It is no wonder the stock market has been having fits given we have fiscal policy stepping on the accelerator while monetary policy looks to be putting both feet squarely on the breaks. On the fiscal side, we have a roughly $1.5 trillion tax cut with an additional $300 billion spending plan which is looking to take the deficit to $1.2 trillion or about 5.4% of GDP. President Trump proposed Monday a $4.4 trillion budget that would widen the federal deficit to $984 billion in the next fiscal year, which begins September 30th. Analysts estimate that after tax cuts and the two-year budget deal, the deficit will be above $1 trillion next year.
On the monetary policy side, in December the market was pricing in 3 hikes during 2018 at just 30%. That's increased to about 70%. The Federal Reserve is unwinding its massive balance sheet on top of those rate hikes, which means not only will Fed rates be higher, but the supply of bonds in the marketplace will be increasing both from the deficit spending as well as the Fed's balance sheet unwind.
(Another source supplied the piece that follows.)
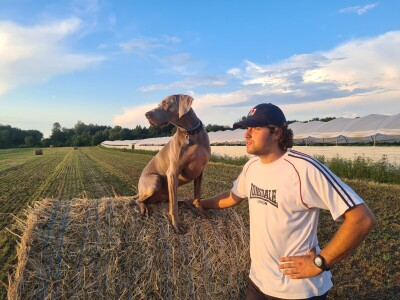 BACANJE PAPRIKE I KRASTAVACA U PODRAVINI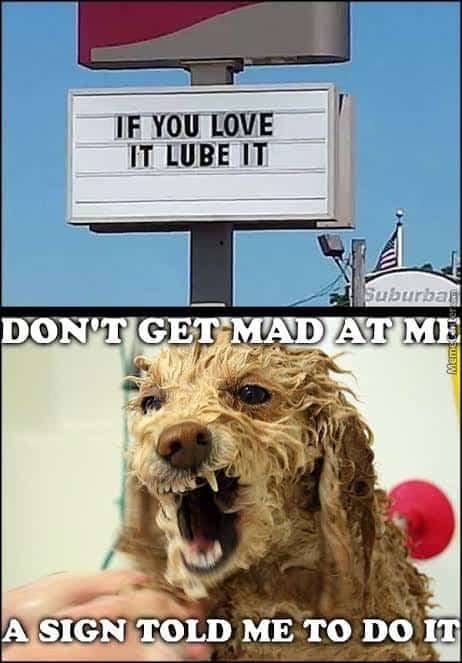 Angry Dog Meme - If you love it lube it. Don't get mad at me a sign told me to do it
The new Federal Reserve Chair Powell is giving signals that he is unlikely to provide quite the safety blanket that Chair Yellen did for asset prices.
The monetary brakes aren't just here in the U.S. The Bank of England is set to increase rates at a less gradual pace with the European Central Bank not to far behind and shortly to be (most likely) run by a German instead of an Italian - a meaningful difference. In Japan the economy appears to have escaped deflation and is expanding, making the 10-year Japanese bond yield at zero difficult to maintain for much longer.
(Hat tip to WSJ The Daily Shot for chart below)
Add in that we've seen record flows into equity ETFs recently, many in the markets today have never experienced a real downturn and the market has been trained, for nearly a decade, to buy the dips as central bankers will always step in to push asset prices back up, and it is no wonder the 14-day change in the 14-day RSI was the biggest in recorded history. Volatility is coming back to play!